### Task objective
Within the lines below, the span from the line with "Invitación Boho Fall" to the line with "ABB TS8/4-6-8SW Klingeltrafo", both ends included, is to be reproduced exactly, with pictures omitted.

### Available data
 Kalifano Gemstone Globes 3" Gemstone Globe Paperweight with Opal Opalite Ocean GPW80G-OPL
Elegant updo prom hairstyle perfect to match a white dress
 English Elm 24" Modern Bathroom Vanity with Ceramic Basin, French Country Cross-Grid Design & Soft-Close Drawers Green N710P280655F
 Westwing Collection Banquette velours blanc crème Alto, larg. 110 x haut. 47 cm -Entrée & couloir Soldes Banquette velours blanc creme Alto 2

--

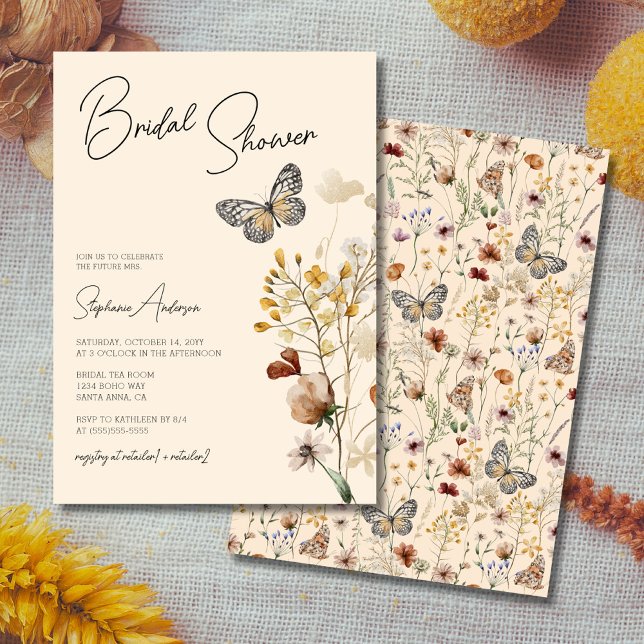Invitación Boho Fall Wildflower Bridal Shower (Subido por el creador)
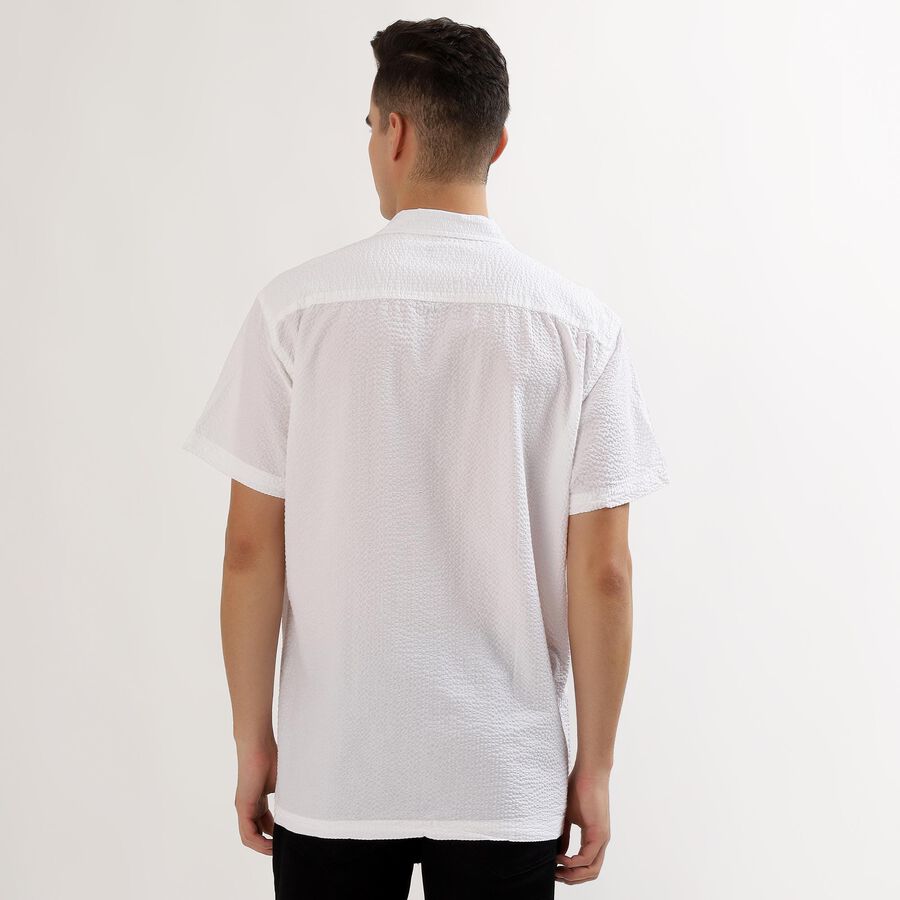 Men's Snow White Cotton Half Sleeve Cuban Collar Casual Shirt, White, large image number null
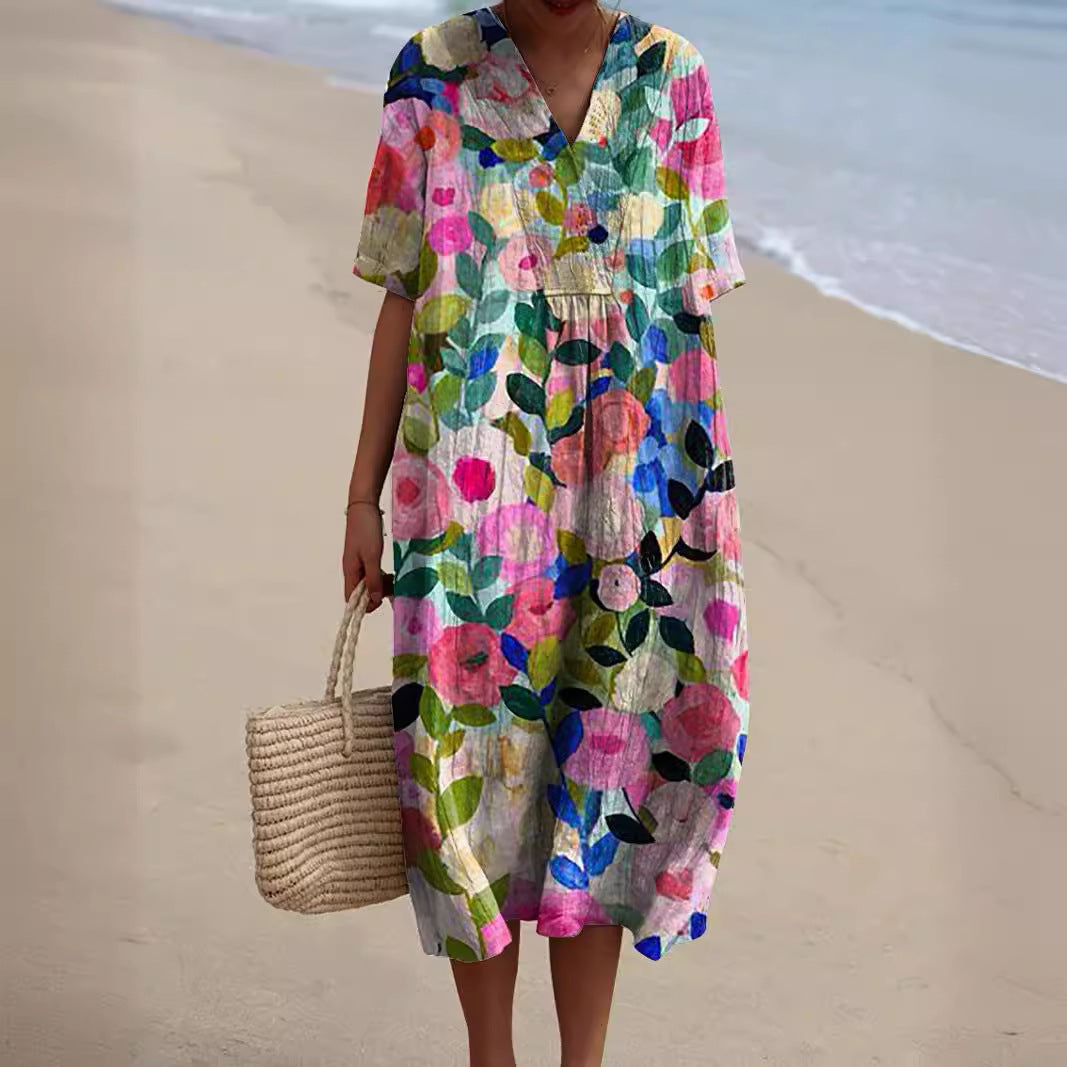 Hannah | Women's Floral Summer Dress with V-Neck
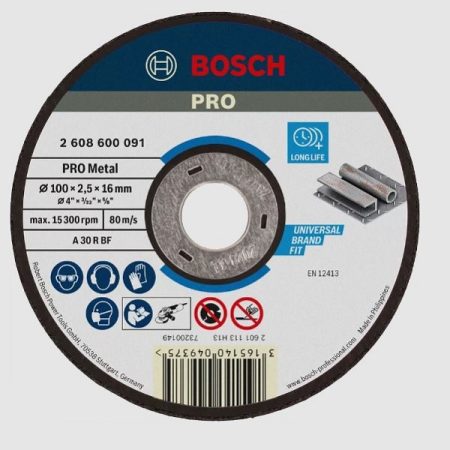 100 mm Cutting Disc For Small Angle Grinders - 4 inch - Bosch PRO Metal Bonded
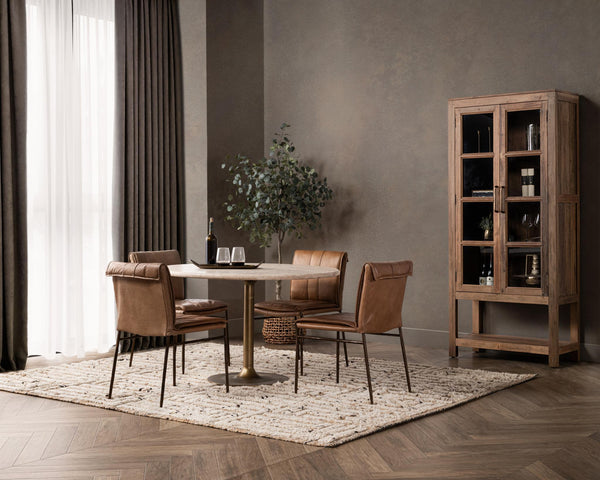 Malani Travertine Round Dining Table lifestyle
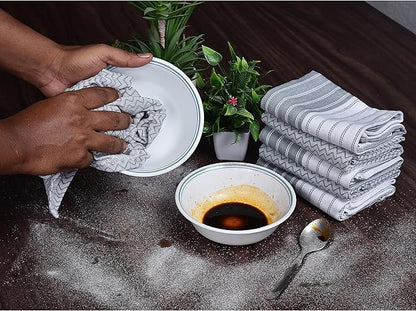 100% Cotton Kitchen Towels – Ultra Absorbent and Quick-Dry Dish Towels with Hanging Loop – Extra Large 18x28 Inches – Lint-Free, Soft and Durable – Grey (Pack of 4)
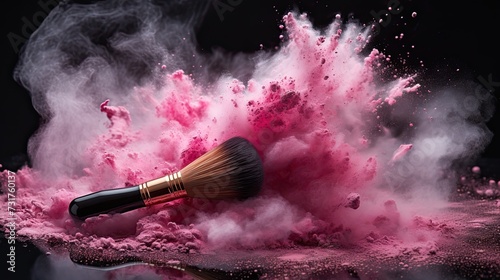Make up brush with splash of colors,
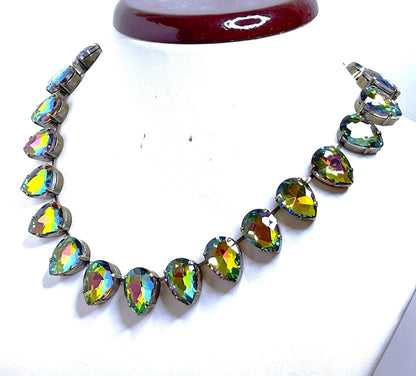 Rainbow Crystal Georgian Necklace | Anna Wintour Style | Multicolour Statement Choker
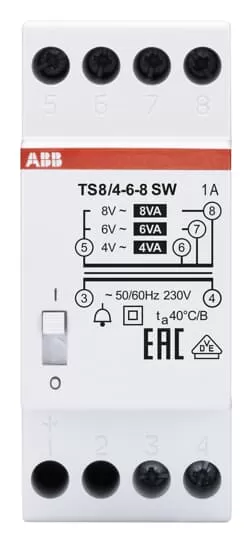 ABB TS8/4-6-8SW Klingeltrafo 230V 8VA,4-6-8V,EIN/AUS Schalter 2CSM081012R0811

...

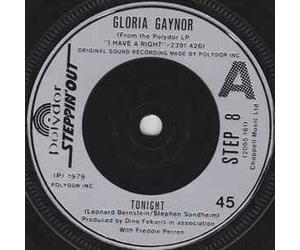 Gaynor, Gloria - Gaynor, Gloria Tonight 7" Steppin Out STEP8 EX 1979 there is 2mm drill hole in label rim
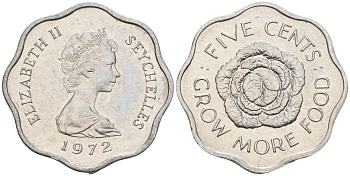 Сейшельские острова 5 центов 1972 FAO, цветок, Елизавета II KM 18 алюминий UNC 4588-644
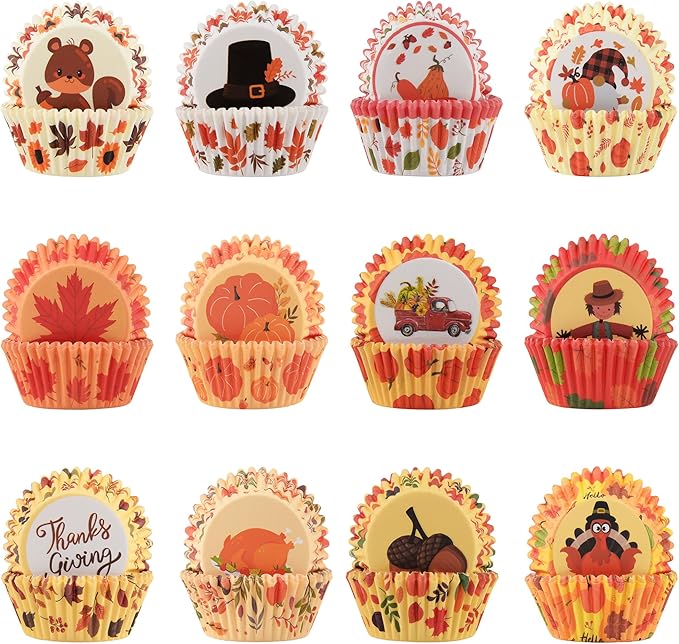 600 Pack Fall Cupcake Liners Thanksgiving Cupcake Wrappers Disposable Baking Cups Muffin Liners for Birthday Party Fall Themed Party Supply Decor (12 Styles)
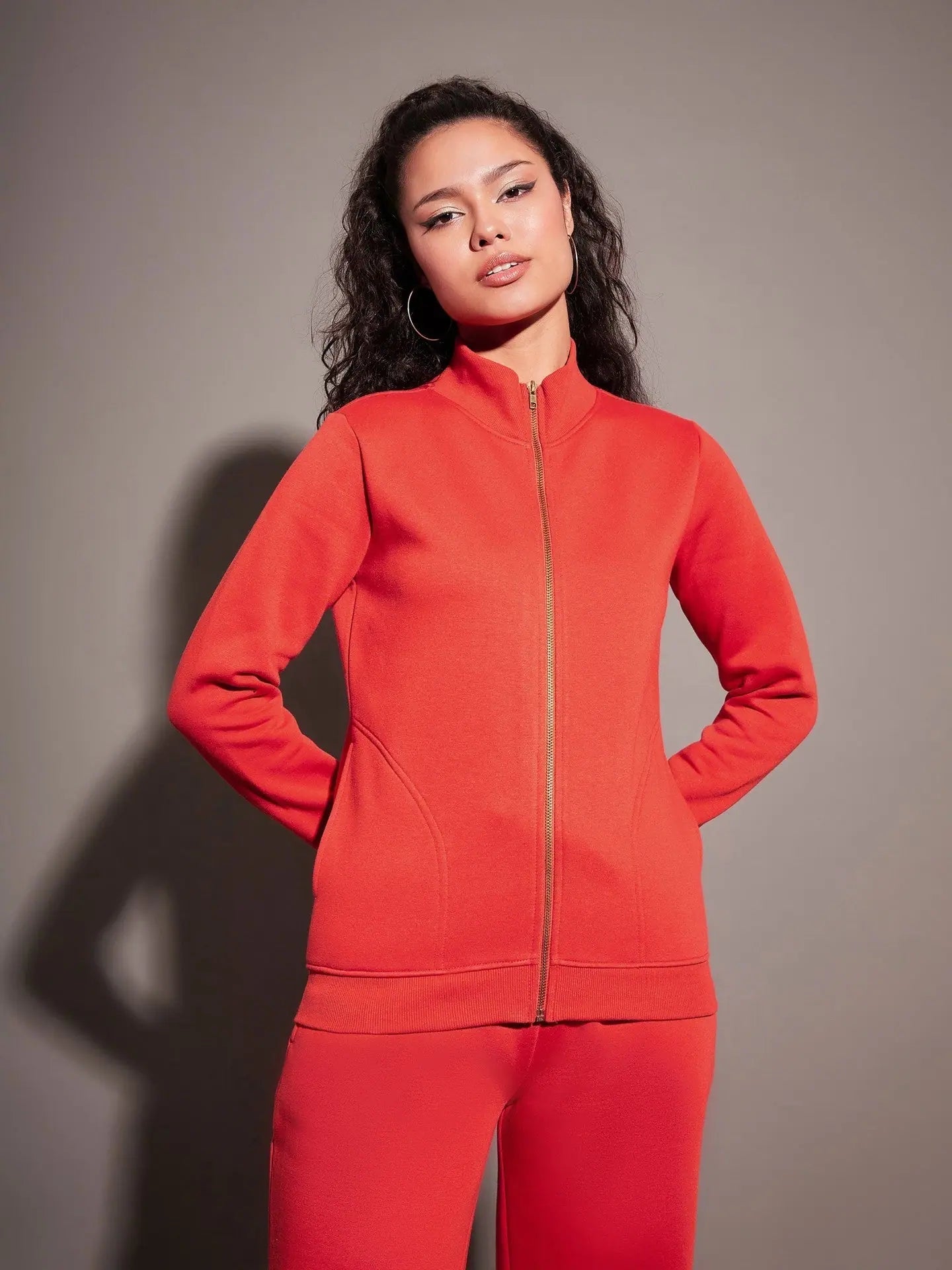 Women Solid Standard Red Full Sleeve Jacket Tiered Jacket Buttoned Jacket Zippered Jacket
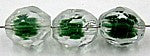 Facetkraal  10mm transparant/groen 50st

### Finished exercise
Invitación Boho Fall Wildflower Bridal Shower (Subido por el creador)
 Men's Snow White Cotton Half Sleeve Cuban Collar Casual Shirt, White, large image number null
 Hannah | Women's Floral Summer Dress with V-Neck
 100 mm Cutting Disc For Small Angle Grinders - 4 inch - Bosch PRO Metal Bonded
 Malani Travertine Round Dining Table lifestyle
 100% Cotton Kitchen Towels – Ultra Absorbent and Quick-Dry Dish Towels with Hanging Loop – Extra Large 18x28 Inches – Lint-Free, Soft and Durable – Grey (Pack of 4)
Make up brush with splash of colors,
 Rainbow Crystal Georgian Necklace | Anna Wintour Style | Multicolour Statement Choker
 ABB TS8/4-6-8SW Klingeltrafo 230V 8VA,4-6-8V,EIN/AUS Schalter 2CSM081012R0811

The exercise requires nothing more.